Facebook, Cypherpunk and Psychohistory

February 27th, 2012 No comments

One of the more notable financial news stories of the year so far is the decision of social media heavyweight Facebook to go public (an event we alluded to in our top 10 themes for 2012). The question on everyone’s mind is whether a potential $100 billion market valuation is appropriate for a company that had roughly $1 billion in net income last year. It wouldn’t be the first tech company to trade at a three digit P/E (we’re looking at you salesforce.com), but it would be the largest. We are going to leave the valuation question aside for a moment and think in broader terms.

In our view, there are a few factors to keep in mind when considering the lofty growth expectations that surround Facebook.

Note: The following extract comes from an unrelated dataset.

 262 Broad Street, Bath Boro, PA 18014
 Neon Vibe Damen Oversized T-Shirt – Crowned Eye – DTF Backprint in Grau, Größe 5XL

Fewer, poorer, new users: At 845 million relatively regular users, Facebook already has the cream of the crop when it comes to potential consumers. The economic elite — by far the most attractive consumers — are, for the most part, already on Facebook. The next billion users will have less spending power, and will not consume as many of the digital goods Facebook wants to sell them, nor will advertisers pay as much for access to them.

With the exception of China (where Facebook is banned), the network has no other large upper-middle class markets it can tap into. Since the next billion Facebook users will have more modest means and this could be a tricky cultural and business shift. Facebook initially set itself apart by limiting usage to select colleges. Over time it has successfully expanded availability to new demographics (older users and international users) . But its user base has always been the more affluent segment of each market.

By highlighting this, we’re not trying to diminish the broader value of an open social network and its ability to connect people and create opportunities for them. We hope Facebook continues to be another powerful Internet tool available to a person of modest means to foster deeper connections, expand their horizons and develop themselves. But we do recognize that social networks by definition will mirror divisions in societies, and certain virtual spaces will be more attractive than others to specific groups.

User disengagement: There’s a chance Facebook jumps the shark and usage drops. Despite its meteoric rise in recent years, Facebook operates in the notoriously fickle world of social media, where users may tire of a particular platform and seek out the next hottest thing (let’s not forget Friendster or Myspace, once robust social networking communities before Facebook came along).  While Facebook has done a phenomenal job building its user base and cornering the social media market, there are other platforms out there waiting to swoop in should there be a misstep (Google+), or capitalize if users ultimately decide they prefer to segregate their status updates (Twitter) from their picture sharing (Instagram) and location data (Foursquare).

In addition to the possibility of competitors poaching away market share, there is also a question as to how users will interact with the platform going forward.  We already see a divergence in the frequency with which men and women use Facebook. Women use Facebook much more regularly than men do. Over time, we could see photo-sharing and instant updates lose their novelty value for certain users who then disengage from Facebook.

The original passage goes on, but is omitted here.